Work instructions - A faithful copy of all the data is required; pictures should not be included.

The data -
□ □ □ □ □ □ □

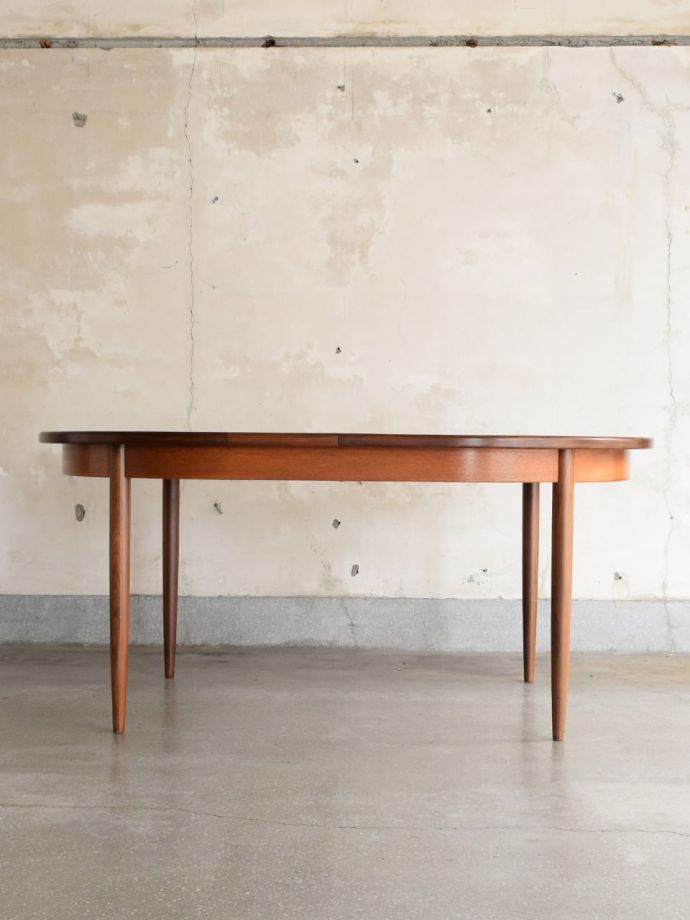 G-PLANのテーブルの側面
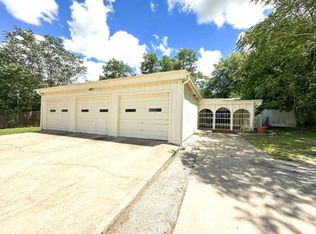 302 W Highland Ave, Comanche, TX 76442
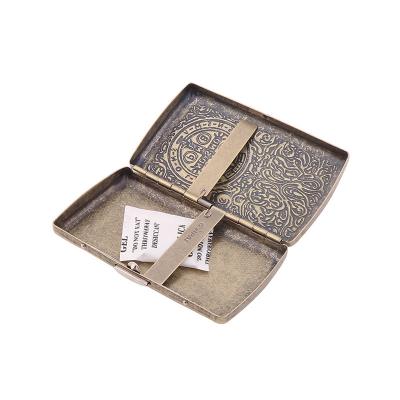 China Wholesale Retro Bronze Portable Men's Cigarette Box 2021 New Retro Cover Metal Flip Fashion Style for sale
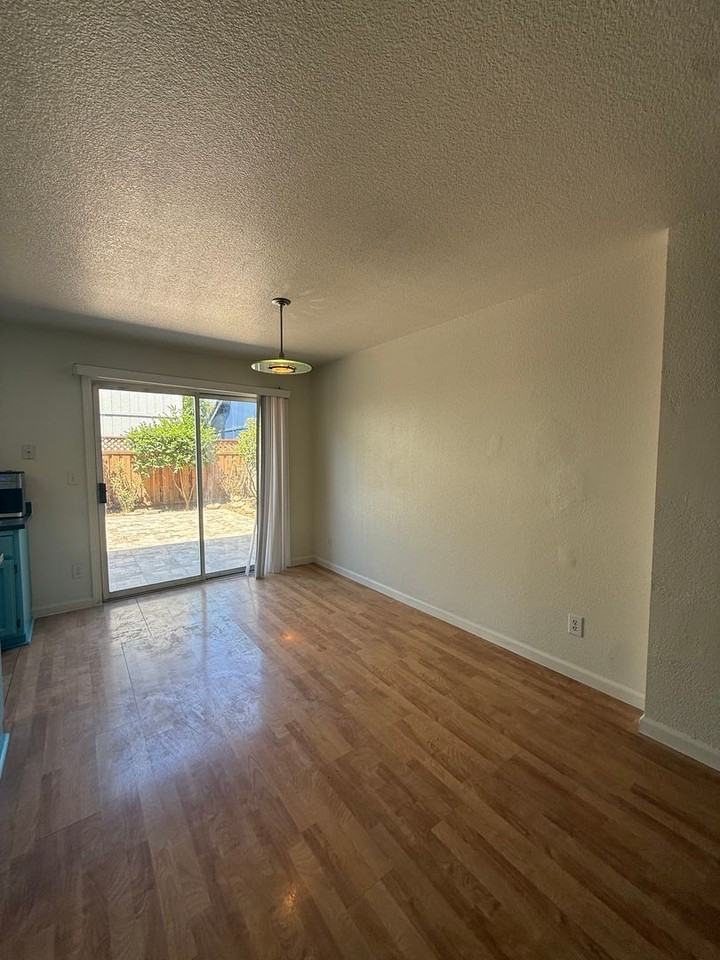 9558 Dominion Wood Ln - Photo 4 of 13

□ □ □ □ □ □ □

Result for this exercise -
 G-PLANのテーブルの側面
 302 W Highland Ave, Comanche, TX 76442
 China Wholesale Retro Bronze Portable Men's Cigarette Box 2021 New Retro Cover Metal Flip Fashion Style for sale
 9558 Dominion Wood Ln - Photo 4 of 13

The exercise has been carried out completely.